━━ Entries shown ━━

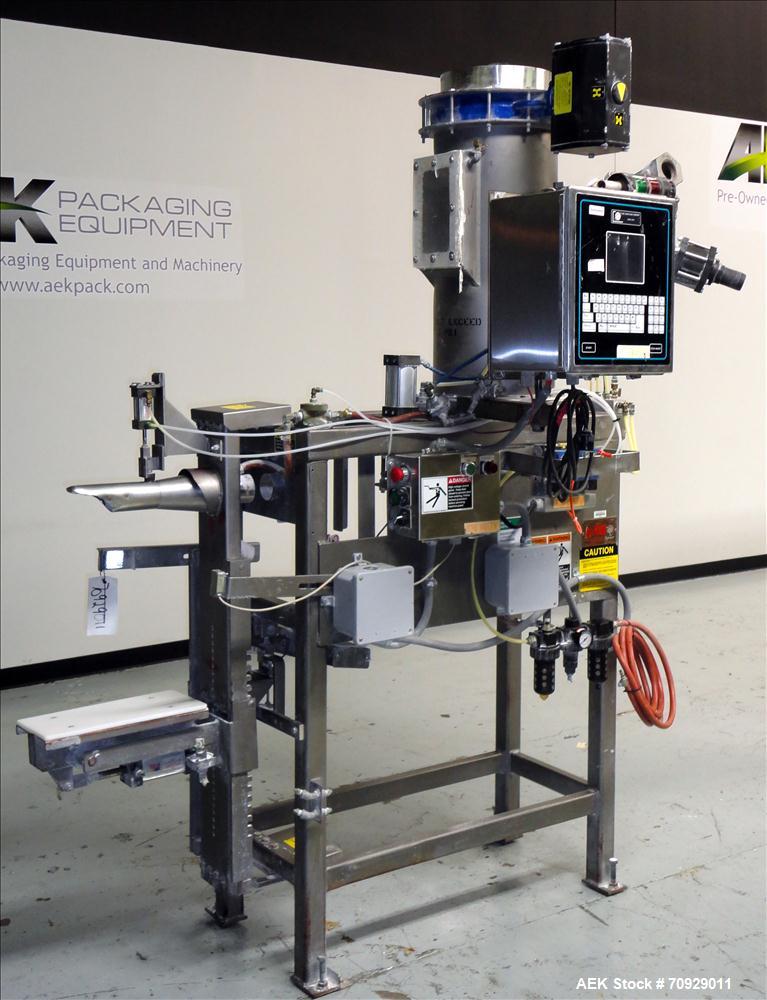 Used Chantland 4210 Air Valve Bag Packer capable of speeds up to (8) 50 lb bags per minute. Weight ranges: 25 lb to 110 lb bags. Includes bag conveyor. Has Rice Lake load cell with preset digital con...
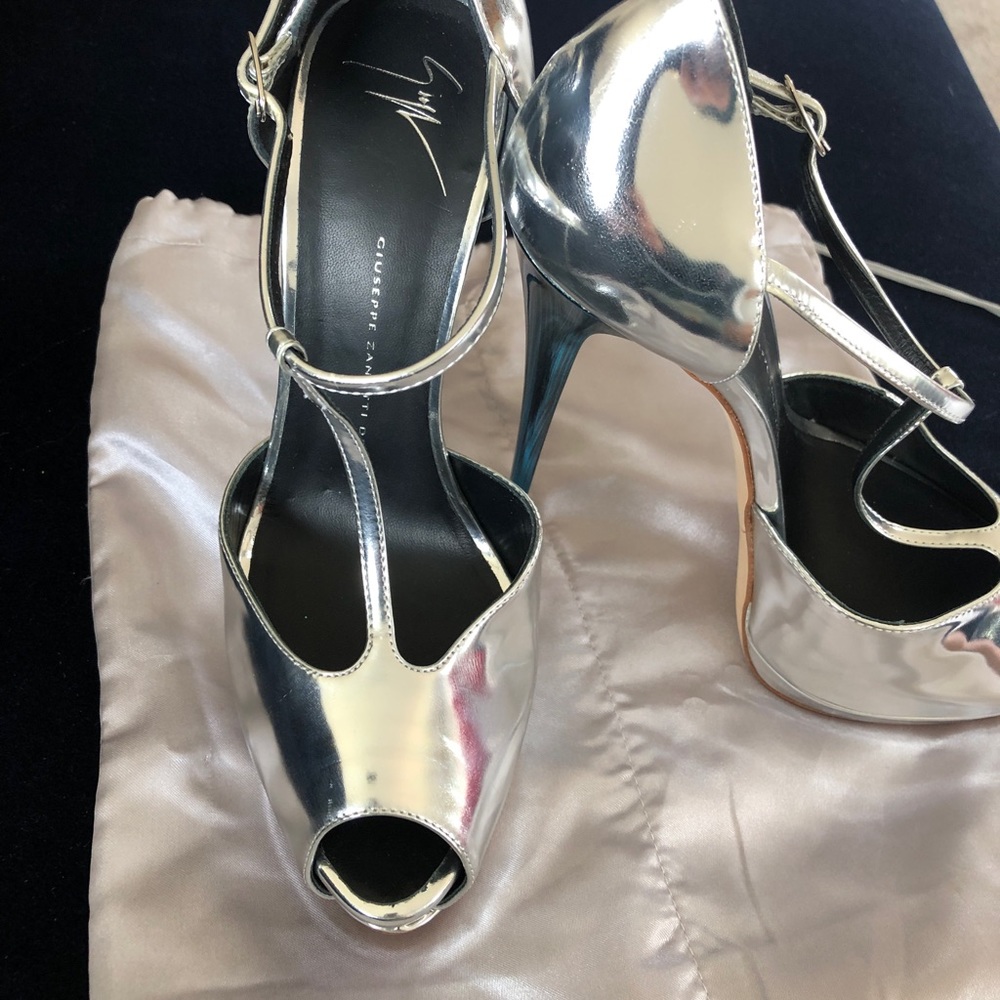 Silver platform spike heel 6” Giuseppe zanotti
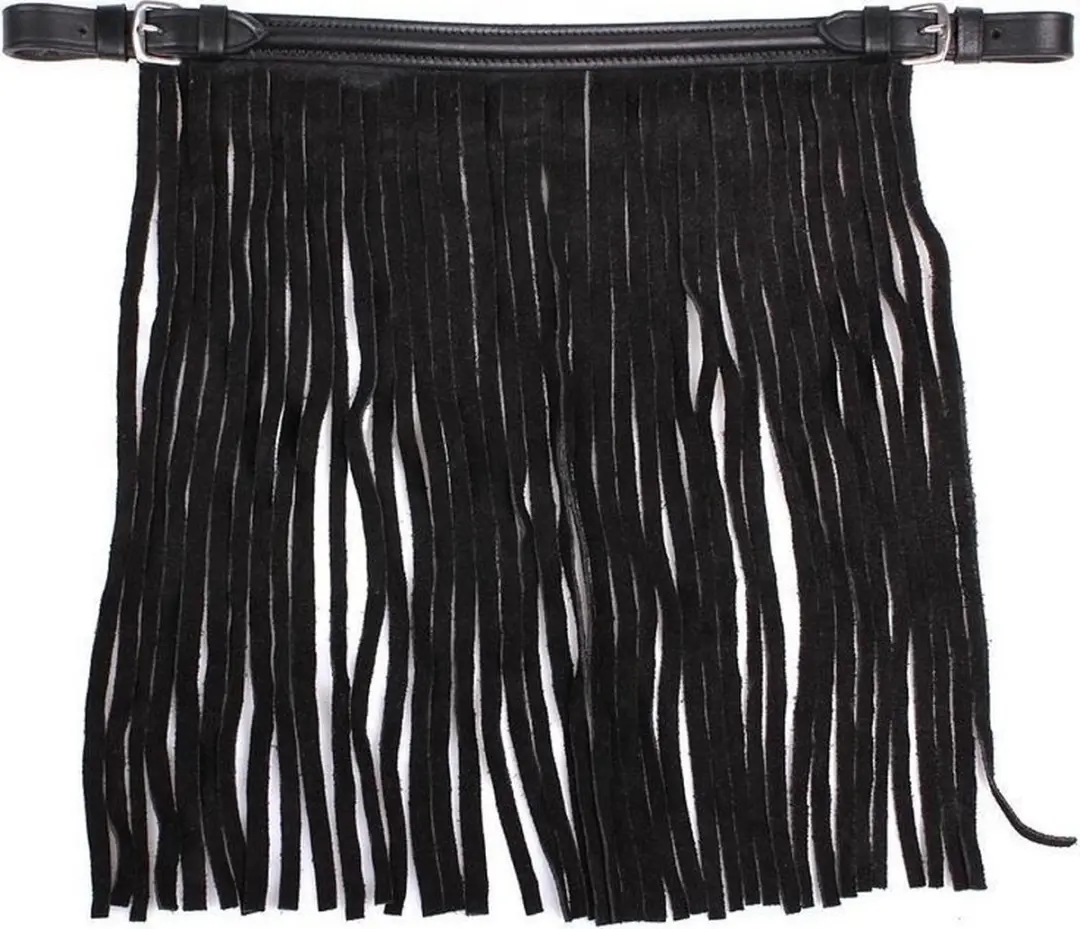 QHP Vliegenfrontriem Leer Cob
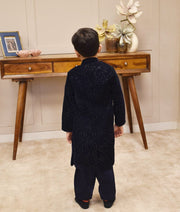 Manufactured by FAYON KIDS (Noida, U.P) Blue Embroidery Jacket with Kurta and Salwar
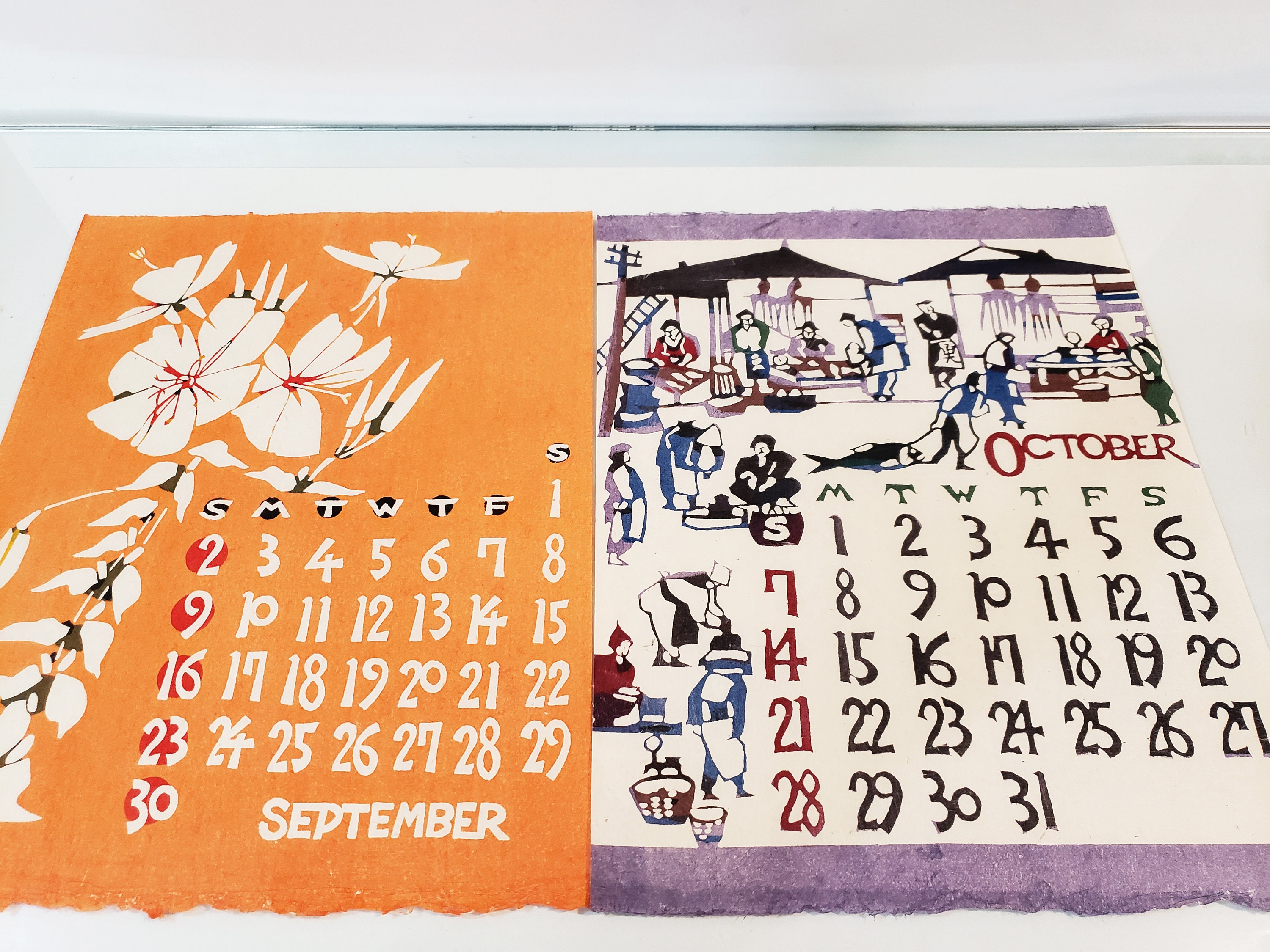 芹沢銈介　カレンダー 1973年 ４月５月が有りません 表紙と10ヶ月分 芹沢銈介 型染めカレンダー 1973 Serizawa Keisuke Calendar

━━━

**Goal of the exercise:**
The result should be an exact retyped version of all the entries above, containing no pictures.

**Task answer:**
 Used Chantland 4210 Air Valve Bag Packer capable of speeds up to (8) 50 lb bags per minute. Weight ranges: 25 lb to 110 lb bags. Includes bag conveyor. Has Rice Lake load cell with preset digital con...
 Silver platform spike heel 6” Giuseppe zanotti
 QHP Vliegenfrontriem Leer Cob
 Manufactured by FAYON KIDS (Noida, U.P) Blue Embroidery Jacket with Kurta and Salwar
 芹沢銈介　カレンダー 1973年 ４月５月が有りません 表紙と10ヶ月分 芹沢銈介 型染めカレンダー 1973 Serizawa Keisuke Calendar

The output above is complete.